「日本は歴史問題を国内政治に利用している」という文在寅大統領発言をめぐるカン長官と黒田記者のやり取り

投稿者: | 2019年5月12日

文在寅大統領は2日、元閣僚などを招いて開いた昼食会の場で、いわゆる徴用工をめぐって日韓がもめていることなどを念頭に、「日本が歴史問題を国内政治に利用して問題を増幅させる傾向があり、とても残念だ」と述べました。

当然、日本側はこの発言に反発しました。逆だろう!!と。

これに関して、ぜひ紹介したいと思っていた興味深い日韓のやり取りがあります。このところ、ちょっと忙しくて少し遅れましたが、いま書いておきます。

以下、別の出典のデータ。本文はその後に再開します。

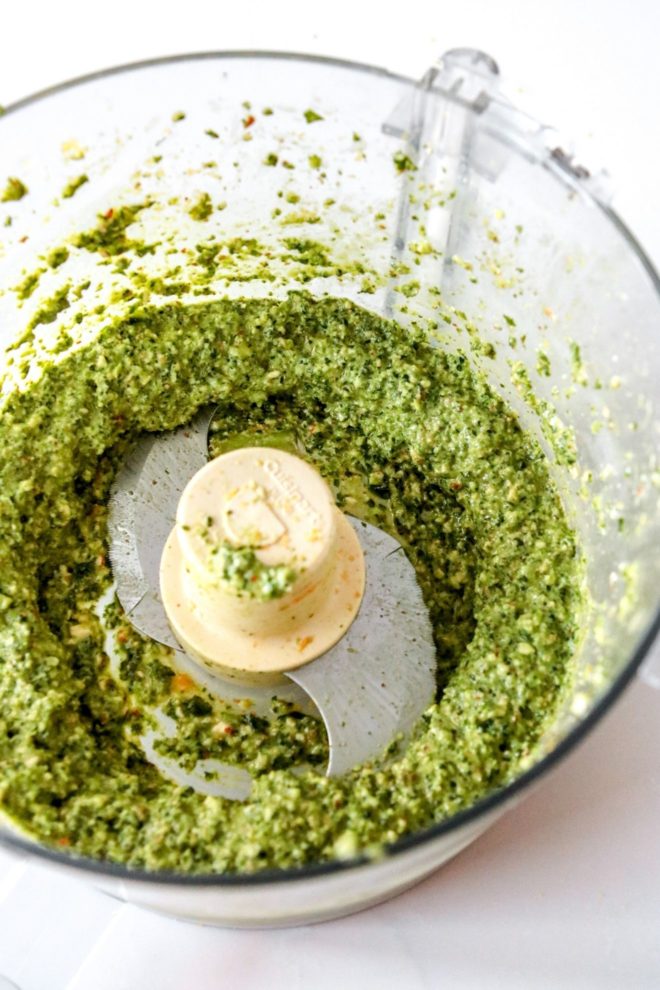 This images looks into a food proecessor filled with pesto. The jar sits on a white counter.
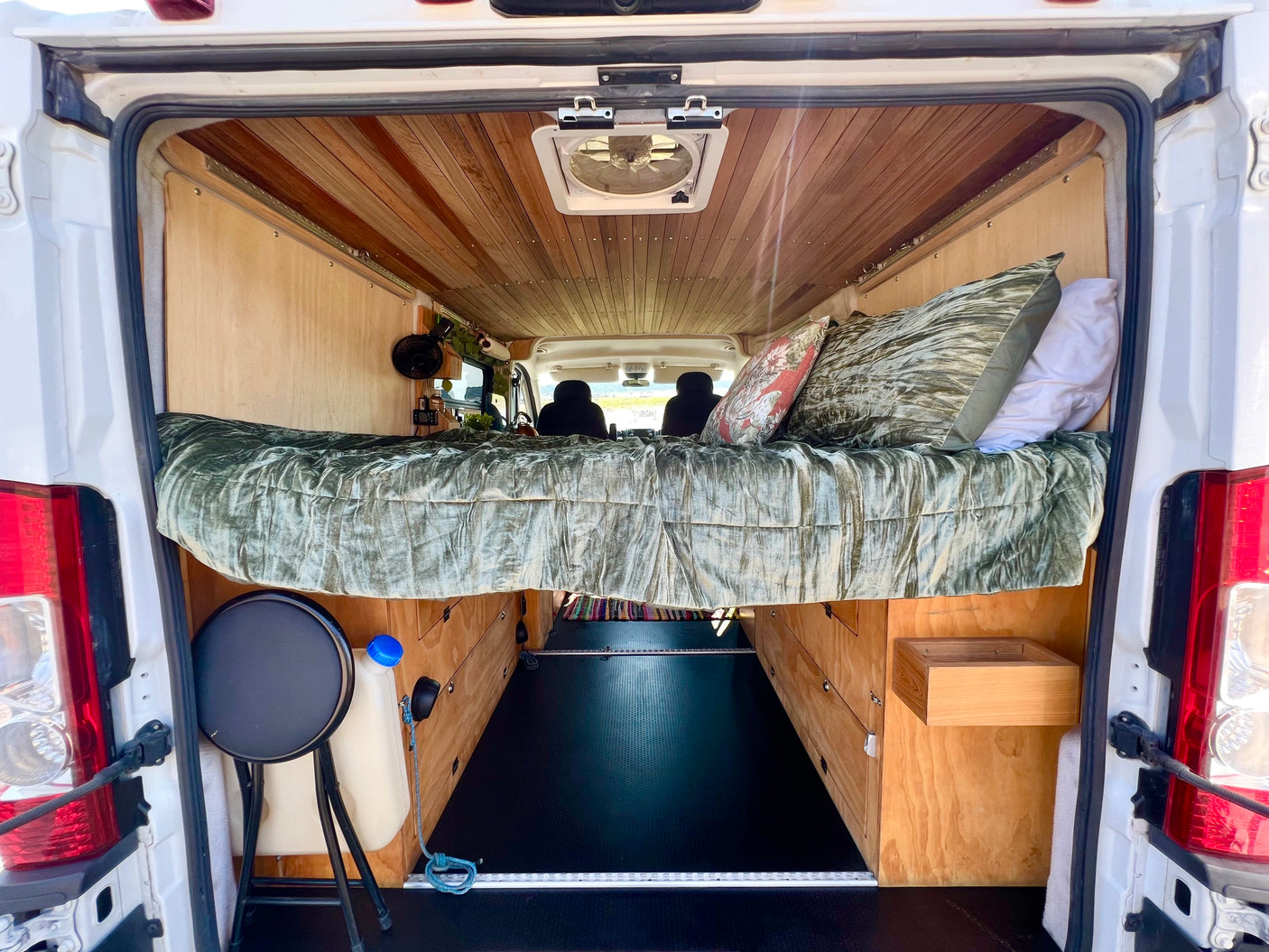 Cozy RV rental: Inside a custom campervan showing a raised bed with velvet bedding, wood ceiling, and under-bed storage space.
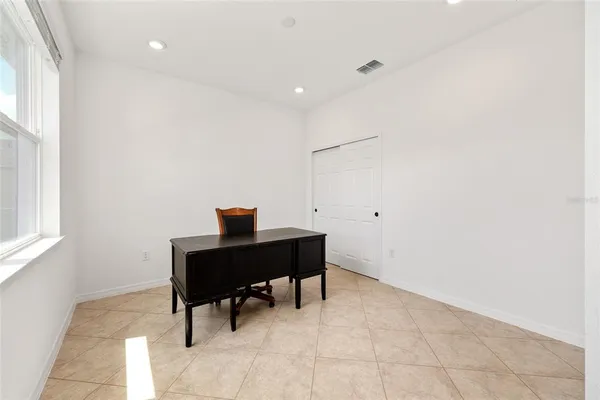 a view of a hallway with white walls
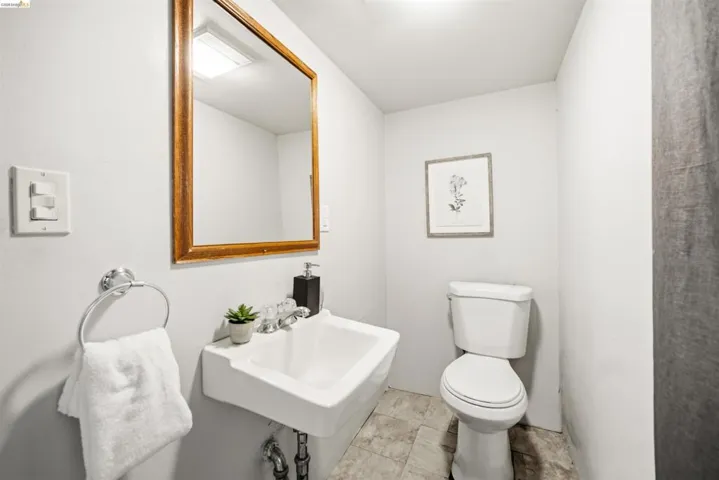 Compact powder room featuring a wall-mounted sink, a toilet, a framed mirror, and light-toned flooring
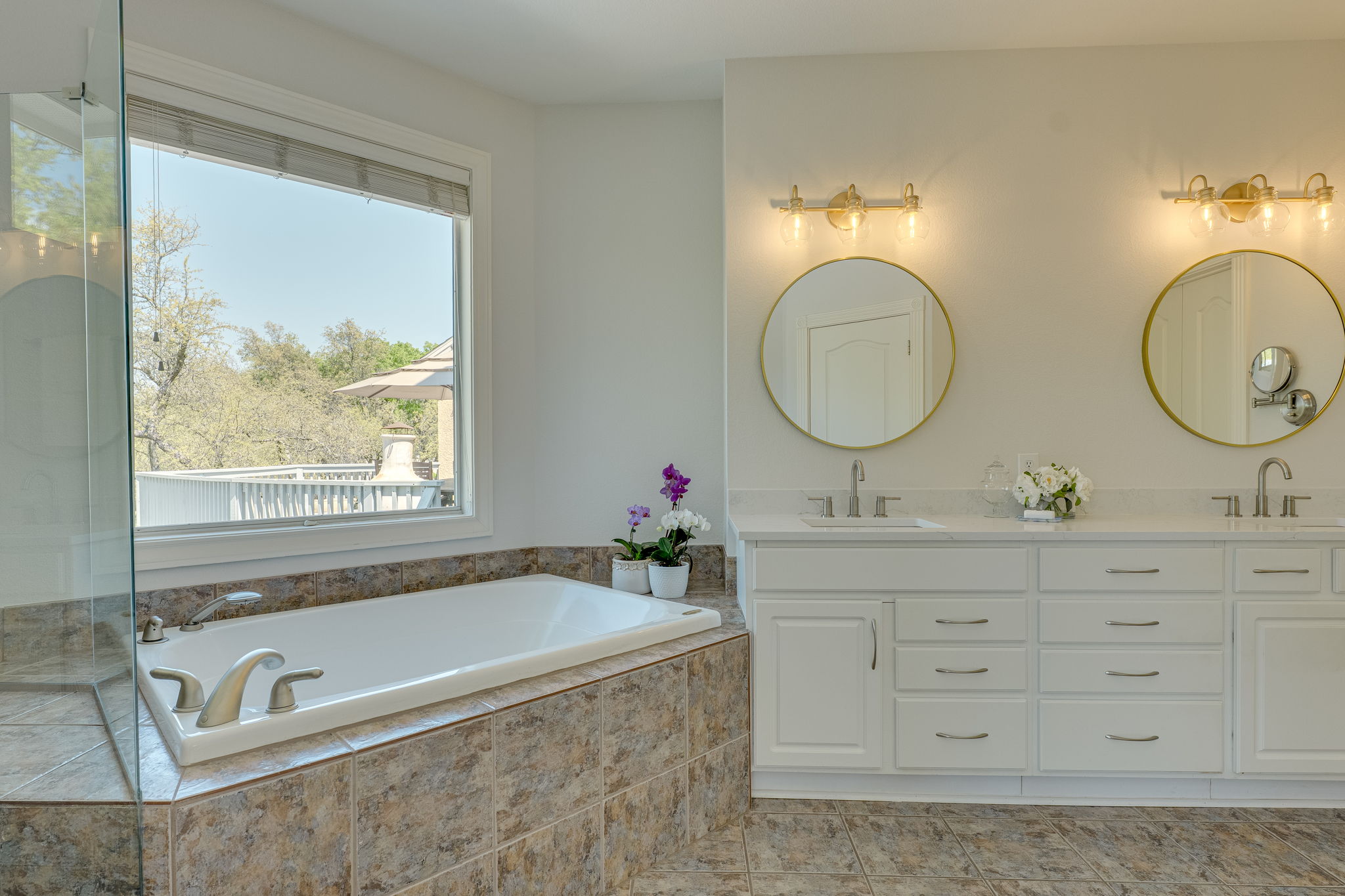 4424 Lago Viento Austin, TX 78734 - Photo 21 of 38 Primary bath has a window for natural light, walk-in frameless shower, dual sinks, water closet and walk-in closet.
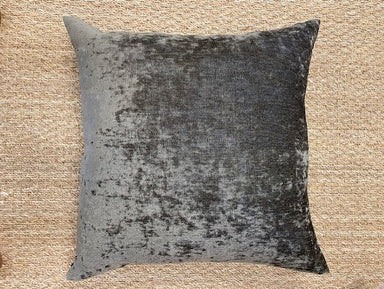 Textured dark brown pillow on a beige woven surface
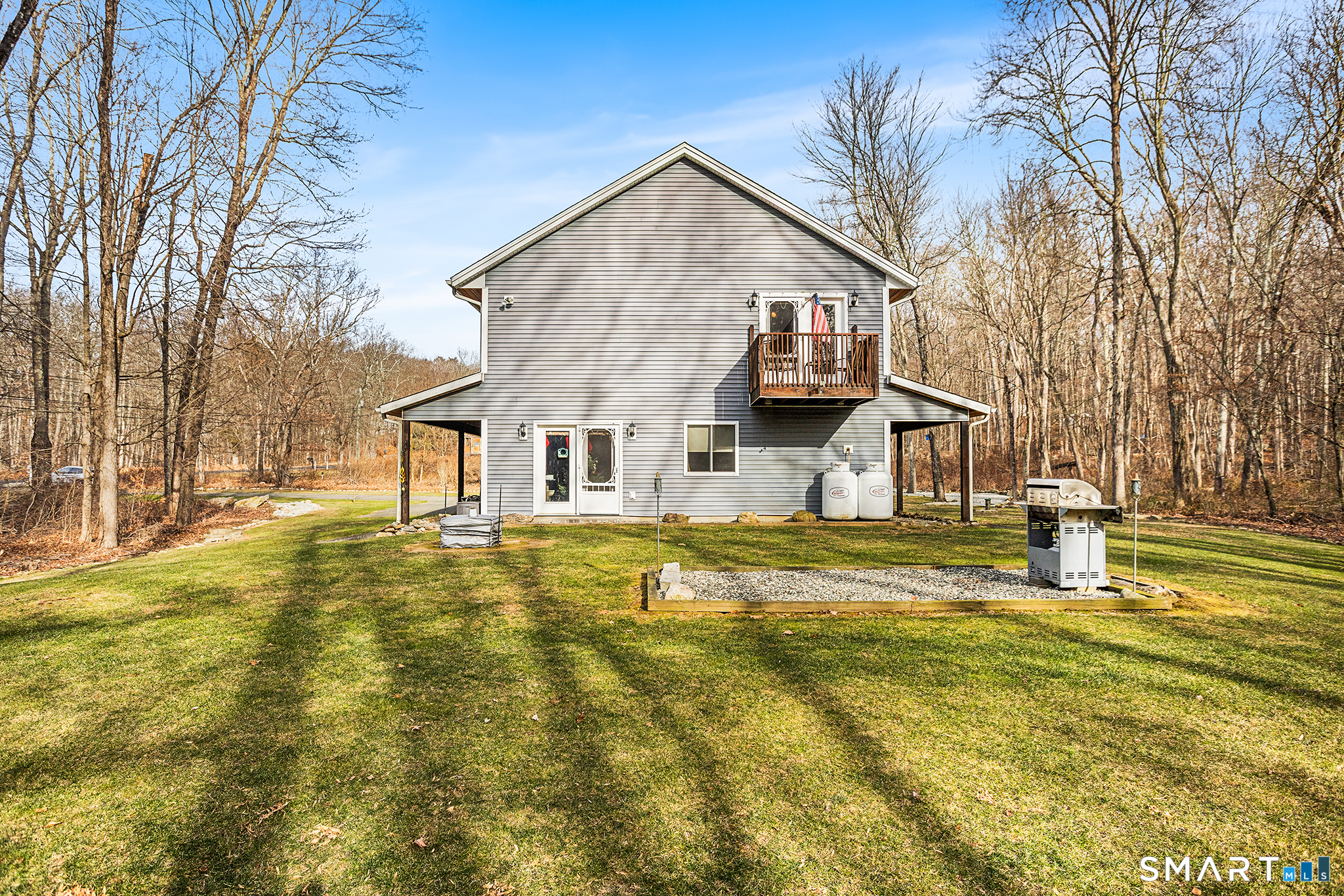 600 Woodtick Road Wolcott, CT 06716 - Photo 21 of 28 a view of a house with a yard covered with snow
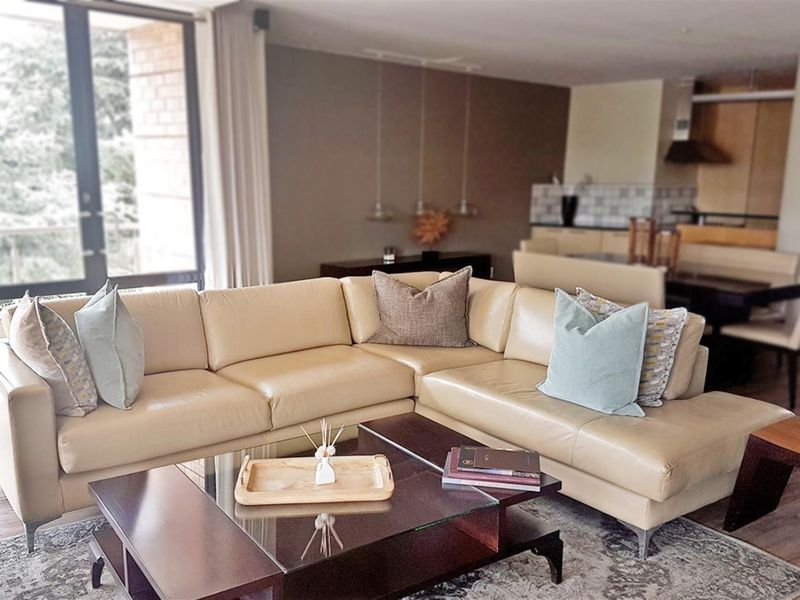 Spacious open-plan living area featuring modern kitchen cabinetry, large sliding glass doors for natural light, and high-quality hardwood flooring throughout.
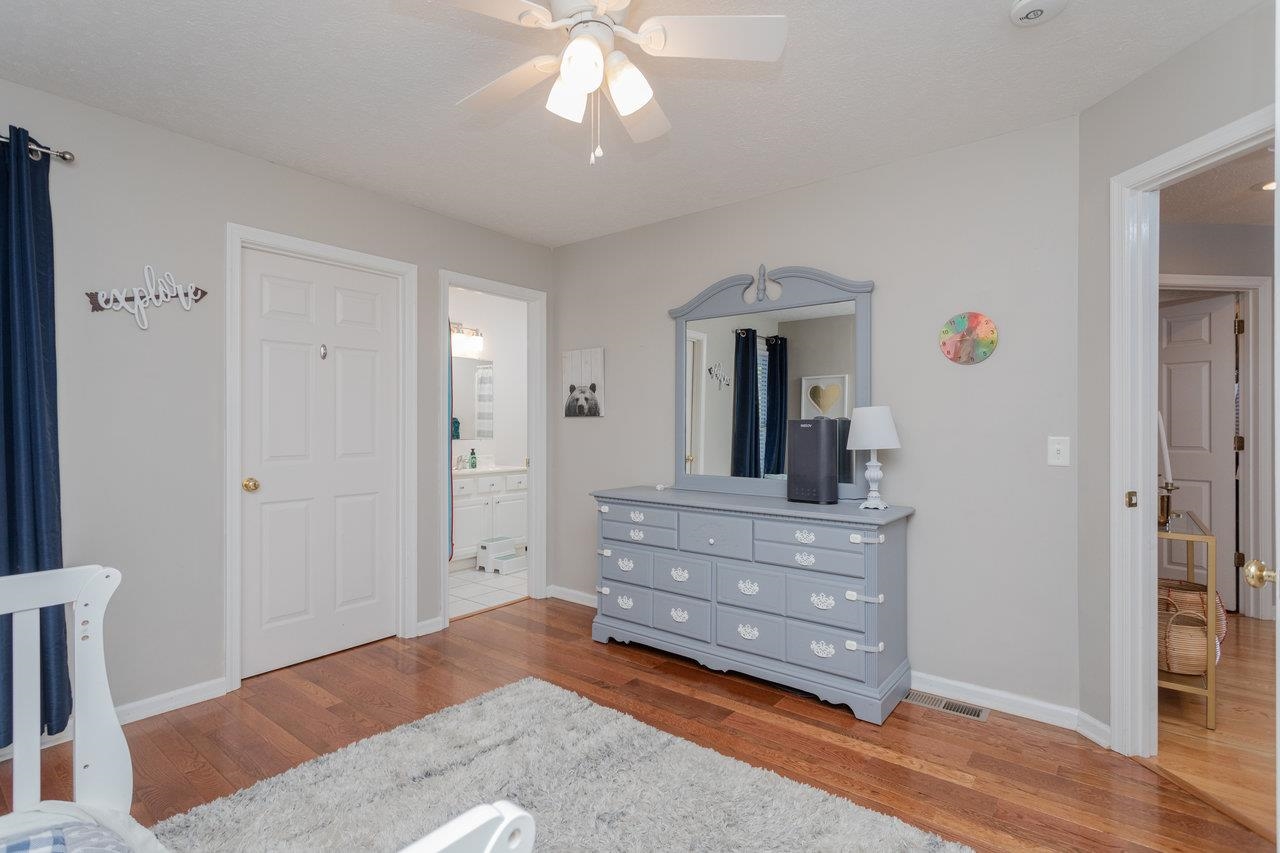 3750 Davis Road Penn Laird, VA 22846 - Photo 39 of 73 Second main level bedroom is spacious with beautiful, new hardwood flooring.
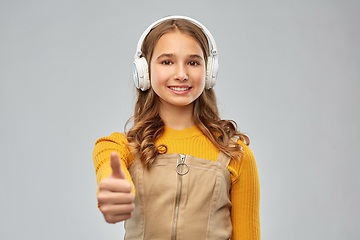 Image showing teenage girl in headphones showing thumbs up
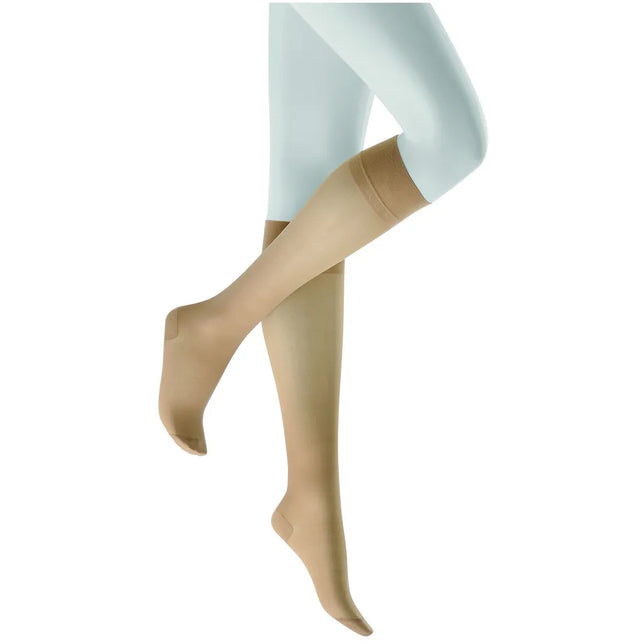 Kunert dameskniekousen FLY&amp;CARE 110198900 in beige, gedragen op een paspop, met brede boord en verstevigde tenen. - Jambelles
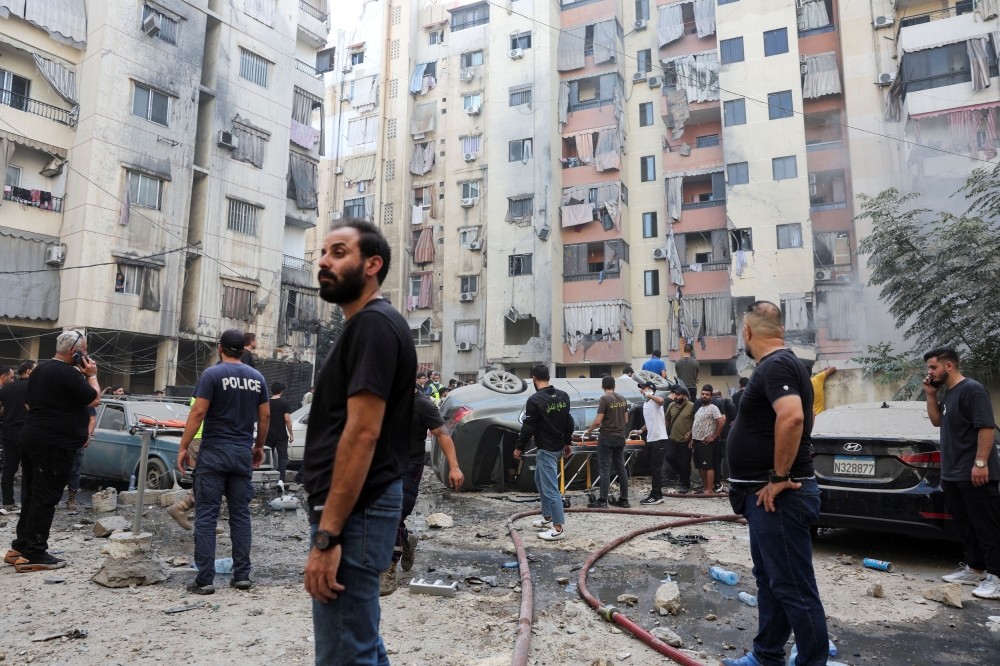 People inspect the site of an Israeli strike in the southern suburbs of Beirut, Lebanon, September 20, 2024. — Reuters pic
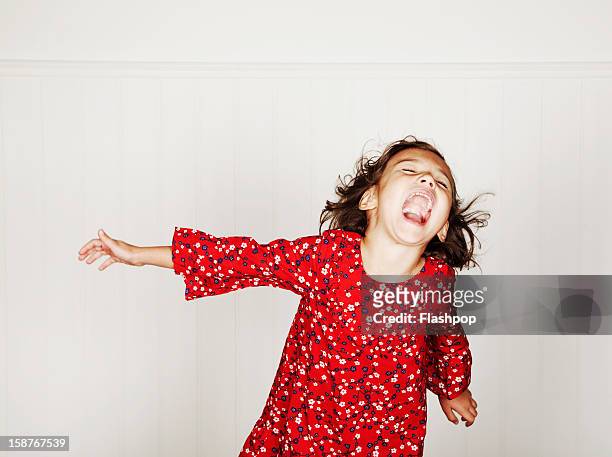 portrait of girl pulling funny faces - red dress child stock-fotos und bilder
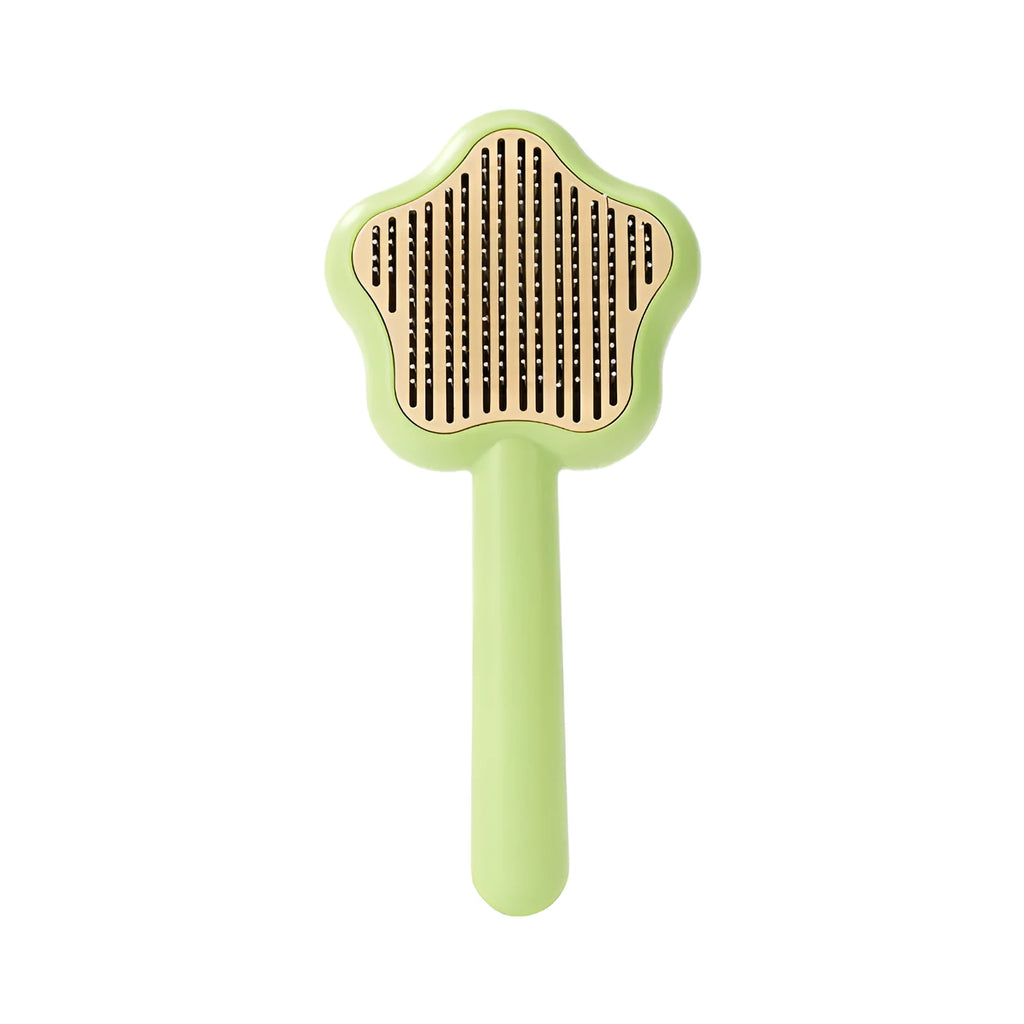 Green handled self-cleaning pet comb with stainless steel teeth on a white background.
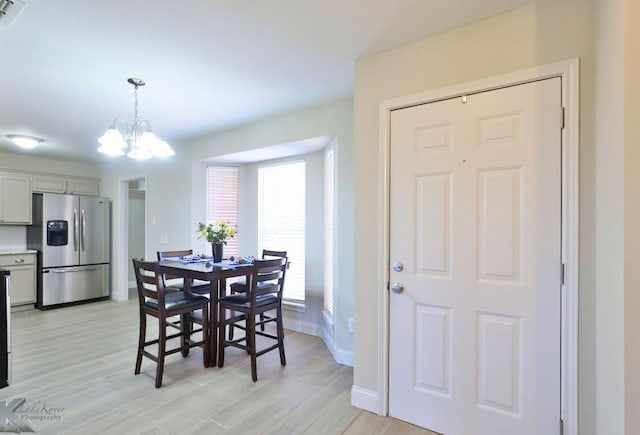 dining space with a notable chandelier, baseboards, visible vents, and light wood-style floors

翌3日に行われた外信記者懇談会でのカン・ギョンファ韓国外交部長官と産経新聞の黒田勝弘記者の質疑応答。両者の発言をじっくりと吟味してみてください。

こんなやり取りでした。

24:03 産経新聞の黒田です。大統領が「日本は歴史問題を国内政治に利用している」と言いました。長官も同じ考えですか? もしそうなら、具体的にどういう点がそうだと思うのですか? 日本では韓国のほうが歴史問題を国内政治に利用していると考えています。なぜなら、今年は三一運動百周年、親日清算の話がたくさん出ているではないですか? だから、むしろ(歴史を政治に利用しているのは)韓国のほうではないかと思うのです。外交部が日本に関するあやまった情報や大統領府に伝え、大統領がそういうことをおっしゃったのではないかという疑いを持っています。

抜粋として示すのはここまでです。